Dans le titre III du livre Ier du code électoral, le chapitre VIII est ainsi rédigé :

« Chapitre VIII
« Remplacement des conseillers départementaux
de l'intercommunalité.

« Art. L. 221. - Le candidat venant sur une liste immédiatement après le dernier élu est appelé à remplacer le conseiller départemental élu sur cette liste dont le siège devient vacant pour quelque cause que ce soit.
« Le représentant de l'Etat dans le département notifie le nom de ce remplaçant au président du conseil départemental de l'intercommunalité.
« Le mandat de la personne ayant remplacé un conseiller départemental dont le siège était devenu vacant expire lors du renouvellement du conseil départemental qui suit son entrée en fonction.
« Lorsque les dispositions du premier alinéa du présent article ne peuvent être appliquées, le siège demeure vacant jusqu'au prochain renouvellement du conseil départemental de l'intercommunalité.

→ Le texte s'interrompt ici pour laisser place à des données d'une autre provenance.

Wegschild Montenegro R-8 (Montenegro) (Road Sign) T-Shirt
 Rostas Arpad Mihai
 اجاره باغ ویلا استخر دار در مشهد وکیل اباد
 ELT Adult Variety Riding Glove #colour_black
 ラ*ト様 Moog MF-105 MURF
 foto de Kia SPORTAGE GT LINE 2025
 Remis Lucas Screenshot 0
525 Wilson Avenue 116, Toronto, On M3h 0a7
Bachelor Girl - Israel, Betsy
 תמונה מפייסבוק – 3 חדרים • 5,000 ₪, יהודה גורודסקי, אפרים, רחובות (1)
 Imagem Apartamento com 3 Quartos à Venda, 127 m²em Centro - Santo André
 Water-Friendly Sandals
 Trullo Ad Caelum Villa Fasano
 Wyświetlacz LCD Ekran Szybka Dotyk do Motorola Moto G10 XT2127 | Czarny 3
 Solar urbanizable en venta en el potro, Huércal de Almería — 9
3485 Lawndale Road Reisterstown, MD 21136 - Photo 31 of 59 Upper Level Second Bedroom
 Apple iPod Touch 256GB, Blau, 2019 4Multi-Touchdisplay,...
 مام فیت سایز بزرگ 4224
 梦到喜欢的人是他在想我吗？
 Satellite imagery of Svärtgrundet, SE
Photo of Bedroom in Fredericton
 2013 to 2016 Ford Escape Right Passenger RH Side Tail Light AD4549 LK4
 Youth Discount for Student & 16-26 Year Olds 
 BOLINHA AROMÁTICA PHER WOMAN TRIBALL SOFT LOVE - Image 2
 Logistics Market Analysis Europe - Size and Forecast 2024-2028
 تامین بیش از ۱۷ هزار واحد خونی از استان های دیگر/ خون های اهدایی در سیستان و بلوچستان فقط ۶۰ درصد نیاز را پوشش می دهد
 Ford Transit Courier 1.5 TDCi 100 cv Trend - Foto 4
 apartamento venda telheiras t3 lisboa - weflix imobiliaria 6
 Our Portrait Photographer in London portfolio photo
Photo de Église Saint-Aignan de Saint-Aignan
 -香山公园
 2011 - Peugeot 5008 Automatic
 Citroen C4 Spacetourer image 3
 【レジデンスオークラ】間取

Toutefois, si le tiers des sièges d'un conseil départemental vient à être vacant par suite du décès de leurs titulaires, il est procédé au renouvellement intégral du conseil départemental dans les trois mois qui suivent la dernière vacance pour cause de décès, sauf le cas où le renouvellement général des conseils doit intervenir dans les trois mois suivant ladite vacance. »

Article 7

Les charges éventuelles qui découleraient, pour les collectivités locales, de l'application de la présente loi sont compensées, à due concurrence, par une augmentation de la dotation globale de fonctionnement et de la dotation générale de décentralisation.
Les charges qui incomberaient à l'Etat sont compensées, à due concurrence, par une augmentation des tarifs visés aux articles 575 et 575 A du code général des impôts.
3353 - Proposition de loi de M. Michel Hunault tendant à transformer les conseils généraux
en conseils départementaux de l'intercommunalité (commission des lois) -collectivités locales-.